Le nom de Babylone a toujours évoqué les « jardins suspendus », c'est-à-dire établis sur des terrasses, selon une technique que certains archéologues ont pensé retrouver. Des plans superposés constituent autant de promenades, dont chacune est ombragée de palmiers ; le sol, rapporté, est formé de terre fertile, isolé par une feuille de plomb de la maçonnerie qui soutient la terrasse. L'eau, montée jusqu'à la terrasse supérieure par des chaînes sans fin, provenait de puits, toujours alimentés par la nappe issue du fleuve. Elle redescendait ensuite soit en s'infiltrant à travers le sol et en gagnant des conduites de drainage, soit en véritables ruisseaux et cascatelles, qui étaient l'un des charmes de ces cultures véritablement miraculeuses – ce que doit toujours être, et apparaître, un jardin, c'est-à-dire une nature merveilleusement féconde et belle –, une nature créée grâce au travail des hommes et à la bénédiction des dieux. Les jardins de Babylone sont en rapports évidents avec le culte de la déesse Ishtar, la Vénus babylonienne, divinité de l'Amour et de la Vie.
Au cours du IIe millénaire avant notre ère, l'Égypte, de son côté, découvrit les jardins. Ces jardins, comme toute l'agriculture de ce pays, peuvent être considérés comme un « don du Nil ». Il semble que les premiers jardins égyptiens furent des lieux de délices, où la culture des fruits l'emporta longtemps sur celle des plantes destinées à d'autres usages.

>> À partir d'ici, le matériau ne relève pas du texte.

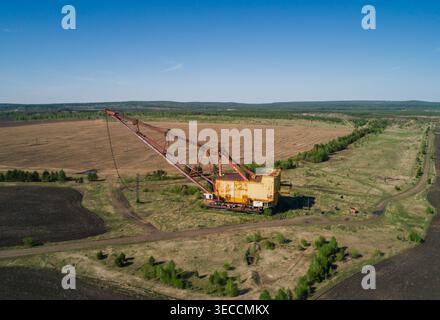 L'enorme escavatore dragline industriale poggia in un campo aperto, circondato da vegetazione sparsa e strade sterrate Foto Stock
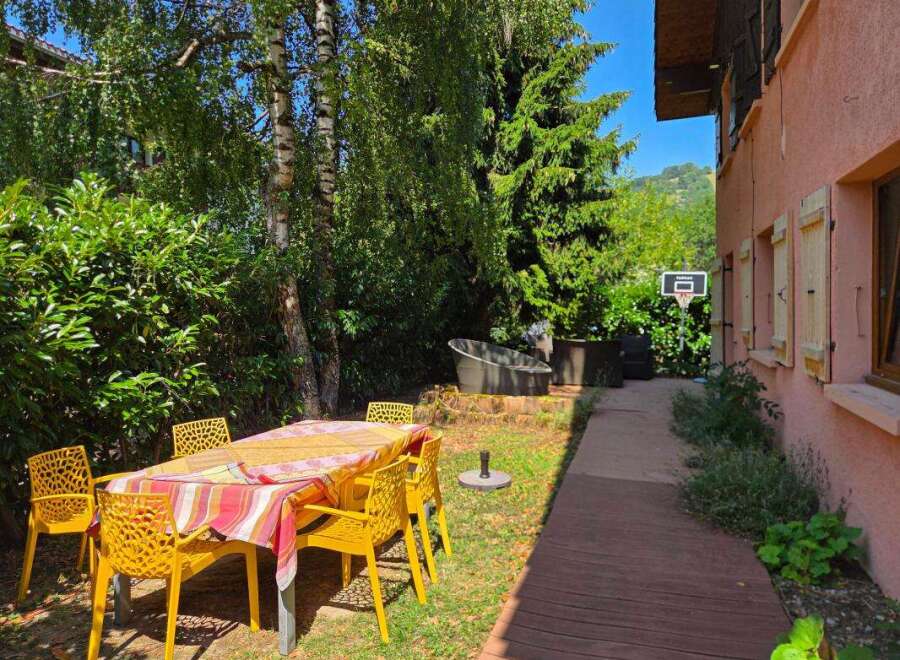 Enjoy outdoor living with this charming backyard featuring a dining set perfect for al fresco meals.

Les jardins d'Égypte étaient d'abord des vergers et des vignes, dont les lignes perpendiculaires dessinaient un damier dans les mailles duquel se plaçaient tout naturellement des figuiers, des palmiers et des sycomores, dont l'ombre était fort appréciée. Pour entretenir cette végétation, en ce pays de plaine, il était nécessaire de construire un réseau de canaux qui convergeaient vers un bassin central, où vivaient librement, côte à côte, poissons, oiseaux aquatiques et plantes comme le papyrus, le lotus, les nénuphars, toute la faune et la flore que l'on rencontrait dans la campagne égyptienne, aux endroits où l'eau se rassemblait, une fois le Nil rentré dans son lit. Ainsi, de tels jardins réunissaient, et résumaient, en un espace enclos de murs, tous les agréments que la nature dispersait dans le reste du pays. Ces jardins sont des lieux où il fait bon vivre, réaliser pleinement sa « vocation humaine », où le bonheur est fait de reconnaissance aux dieux.
On peut considérer que, déjà, deux styles de jardins sont nés : le jardin en terrasses et le jardin de plaine – deux styles destinés à une grande fortune.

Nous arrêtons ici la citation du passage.